In an article carried by the midweek Nation on 24th February 2010 the declared value of the then three remaining GEMS hotels were stated at BDS$ 74 million plus an accumulated debt of $229 million. With a total of 244 rooms that values each room at $303,278 when averaging it across the Hotels and Resorts Ltd properties.
Recently it was announced that a prominent private sector player had acquired Time Out for $7.5 million. With 76 rooms, this equates to well under $100,000 per room, less than a third of the valuation stated seven years ago or almost $16 million below book price.
Hotels and Resorts Ltd currently only operate one remaining hotel, Blue Horizon and the financial state of that property is a complete unknown as no audited accounts have been made available to the taxpayers, so we are all left to guess what other negative trading liabilities there could be.
The new owner of Time Out has had a long and seemingly successful history of managing and operating hotels and other tourism services for decades, again apparently without all the concessions granted to highly restricted chosen few. I personally have no doubt that after considerable upgrading the newest St. Lawrence Gap acquisition will be no exception.
Our insurers recently quoted a replacement or new building cost for a hotel of between $1,500 up to $2,000 per square foot, so perhaps this is a more realistic way of attempting to value open and functional properties.
This latest sale also takes us, the people who financed the Government of the day disastrous foray into hotel ownership and operation almost to closure. We can again only speculate what these hundreds of millions of squandered Dollars on GEMS could have done, if instead they had been invested in creative and cost-effective marketing of the destination, in terms of increased arrival numbers and job creation across the entire sector.

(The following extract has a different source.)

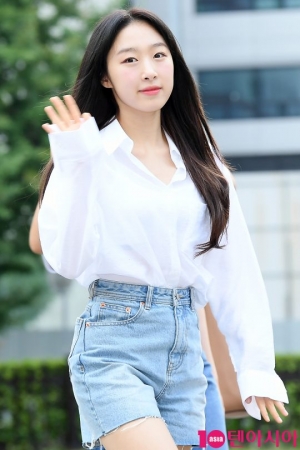 [TEN PHOTO] 우주소녀 수빈 &#39;청순 미모&#39;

What is also often forgotten is the systematic predatory pricing policy practiced by Gems over years of operation to the detriment of the mostly small hotel private sector players, who then took considerable time to restore viable room rates and anything close to profitability, essentially needed to maintain and upgrade properties on a regular basis.
From our own experience we saw Silver Rock Hotel closed under the St. John family with a minimum room rate of US$120 per night and after tens of millions of taxpayer monies were ploughed into the property and a considerable number of rooms added it re-opened at rates as low as US$80. When eventually it returned to the private sector, property transfer tax for the new owners was waived by Government, again giving a fiscal advantage not available to most other hoteliers.
While this tragic and costly affair in the history of our tourism sector cannot now be rectified, perhaps it will remain as the worst kind of example of Government’s ‘playing’ with our main foreign currency earner and remind every politician that sometimes it is better to let market forces prevail.